Let’s Look in the Mirror
A typical Sunday morning as a Duke freshman: I wake up around 10am and text my friends to see who’s ready to go to Marketplace brunch. I head to the bathroom to wash up, where the trash cans are indubitably overflowing onto the counters and floor. I go downstairs to find our common rooms in a truly disgusting state. Trash– food wrappers, empty pizza boxes, papers– litter the floor. Random belongings, perhaps a calculator or a computer charger, lie strewn throughout the room. Maybe some tables or chairs are overturned or in the wrong place.
Duke students are so aware of and engaged with the world around us. We volunteer in Durham. We major in public policy, planning to go out and change the world when we graduate. We choose professions where we hope to be able to have an impact on others’ lives. We are so engaged in a global, big-picture sense. Yet why are we so incapable of thinking about how we can support those within Duke’s community? We skip over the small, simple things we can do to make our housekeepers’ jobs easier – throwing away our trash, pushing in our chairs, putting paper towels in the trash can – assuming that ‘someone else’ will just take care of it later. We implicitly decide that we have better things to do than to worry about our garbage; someone else, someone ‘inferior,’ can deal with that.
I am implicated in this too. I’ve let many a paper towel fall onto the floor in the bathroom; although I see them every day, I have never introduced myself to the housekeepers in my dorm; I criticize the food that the Marketplace employees spend hours each day preparing; I complain about the construction going on outside my dorm. In an environment with so many incredible opportunities, it can certainly be easy to lose perspective, to take all of the great things about Duke for granted and become stuck in the minor inconveniences.
As Duke students, we care deeply about macro-level problems facing Duke workers. I remember visiting campus for Blue Devil Days last April and being struck by the tents I saw set up in front of the Allen Building – it wasn’t basketball season, after all. The students protesting, part of an organization called Duke Students & Workers in Solidarity, had quite a few demands, including a raise of campus minimum wage and the firing of Executive Vice President Tallman Trask for allegedly using a racial slur toward a Duke employee after hitting her with his car in 2014. The group’s actions on university-employee relationships are quite important and have an impact: for example, the university agreed in response to the protests to gradually raise its minimum wage to $15 per hour by July 2019. But I wonder if the organization could also encourage some action on the relationships between students and Duke employees. Perhaps fostering better connections would lead to even greater solidarity between these two groups and, in turn, increased influence of Duke Students & Workers in Solidarity as an organization.

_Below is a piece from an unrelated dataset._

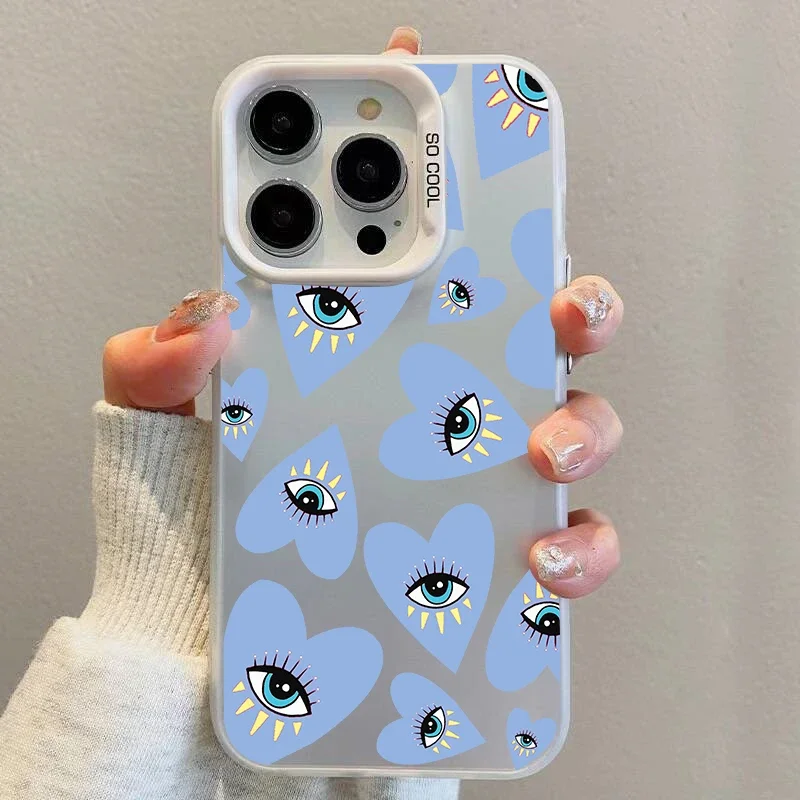 Moda sorte olho azul mal olho impressão caso de telefone para iphone 11 16 12 13 14 15 pro max mini plus luxo capa dura fundas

So next time we are tempted to leave that pizza box in the common room after a late night out, let’s take a moment to remember the real people who will have to clean it up the next day. Rather than always being so tied up in broader issues of social justice, let’s all take that extra minute to look at our own lives and interactions – to treat the university employees who play such an integral, yet unrecognized role in our lives at Duke with a little more respect.